Но — ничего не поделаешь — рисуя, они невольно прикидывают, не лучше ли было б остаться. Стать набожной, искренне набожной вместе со всеми. Нет, что за чушь, сообща порываться к вере. Не те времена. Путь стал уже теперь не приходят семьями к Богу. Кое-какие другие вещи — те, в крайнем случае, еще можно делить. И то — если делиться по чести — каждому так мало достается, просто беда. А если жульничать — поднимаются распри. Да, лучше уж рисовать, неважно что.

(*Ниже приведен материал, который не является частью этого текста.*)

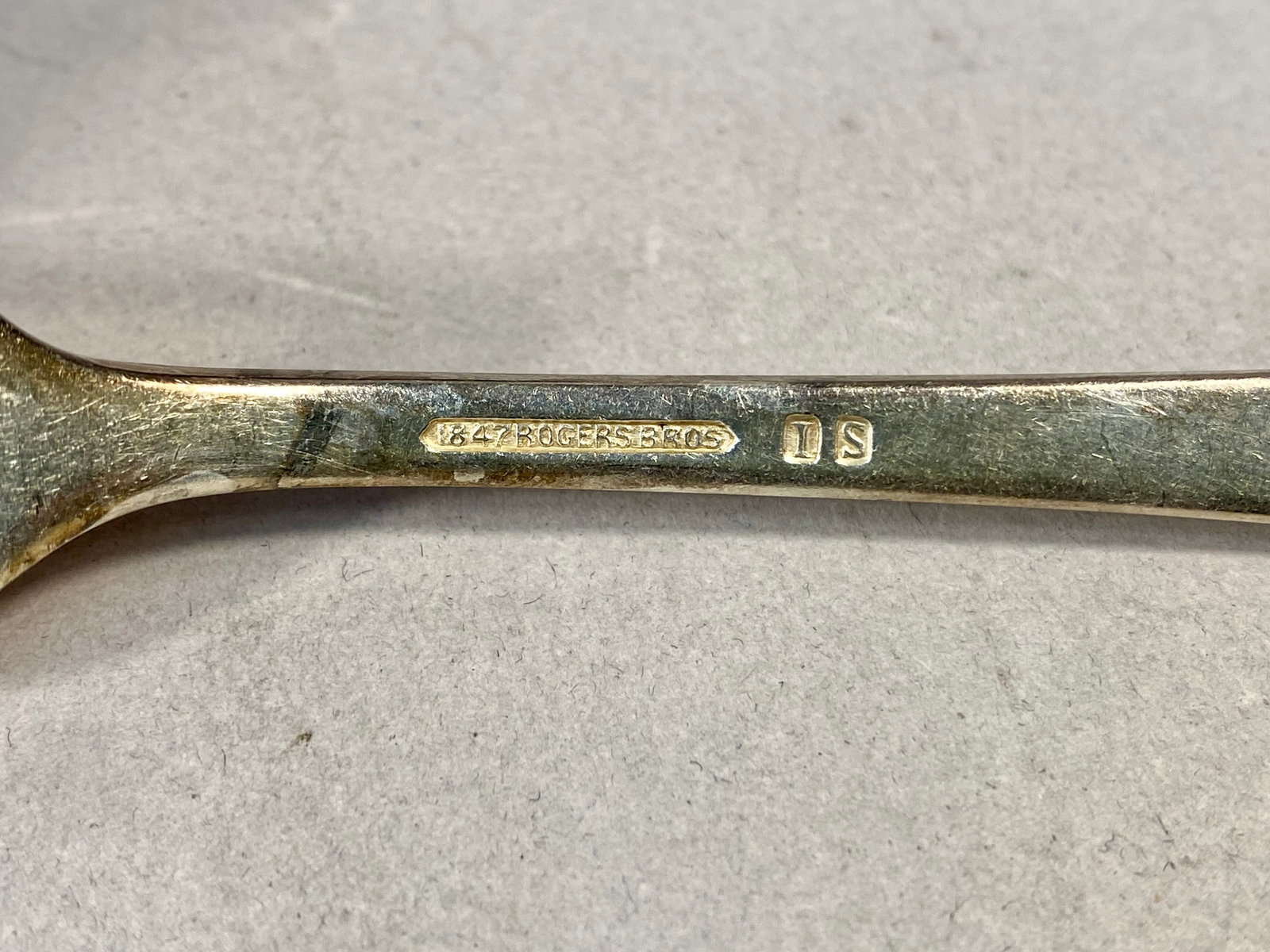 1847 Rogers Bros Silver-Plated Flatware Heritage Pattern - 4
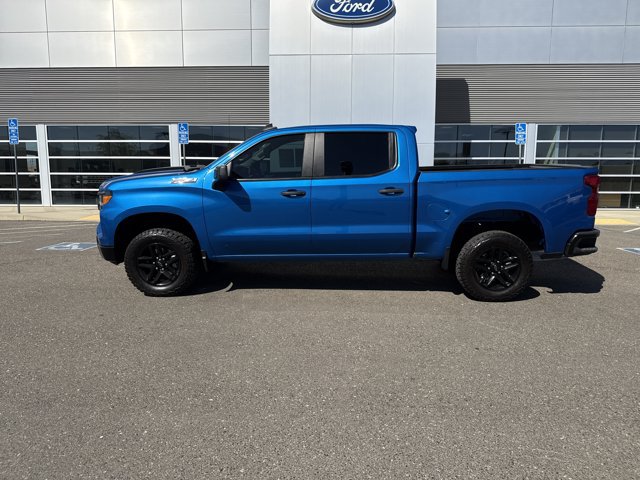 Used 2024 Chevrolet Silverado 1500 Custom Trail Boss AWD/4WD image 2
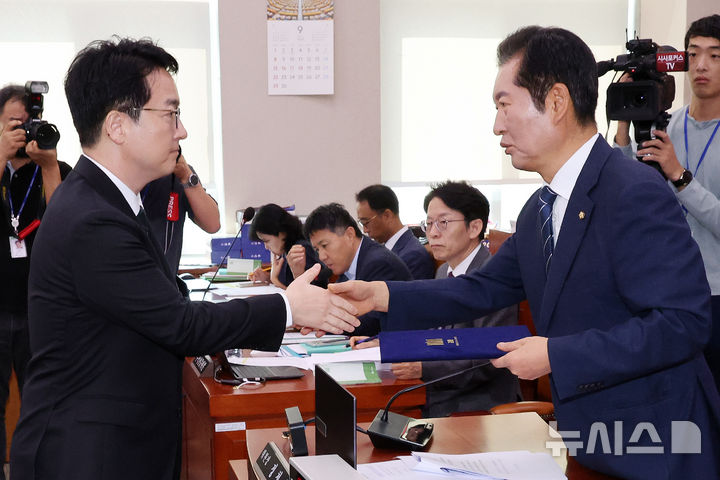 [서울=뉴시스] 조성우 기자 = 심우정 검찰총장 후보자가 3일 오전 서울 여의도 국회에서 열린 법제사법위원회의 인사청문회에서 정청래 위원장에게 증인선서문을 제출하고 있다. 2024.09.03. xconfind@newsis.com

Со временем научаешься схватывать сходство. И так вот исподволь обретаемое искусство когда-нибудь пригодится.
Поглощенные занятием, которое сами выдумали, они редко поднимают глаза, эти девушки. И не замечают, как своим рисованьем лишь подавляют в себе неизменную жизнь, в бесконечной невыразимости открывающуюся перед ними в тканых полотнах. Они ей не верят. Все нынче меняется, вот и им хочется перемениться. Они готовы совсем отказаться от себя и уже почти думают о себе так, как о них, верно, говорят мужчины, когда их нет рядом. Так представляется им прогресс. Они убеждены в том, что погоня за удовольствиями, все более рьяная, и есть жизнь, если только глупейшим образом не упускать ее между пальцев. Они уже поглядывают по сторонам, уже ищут — они-то, чья сила всегда была в том, чтоб искали их.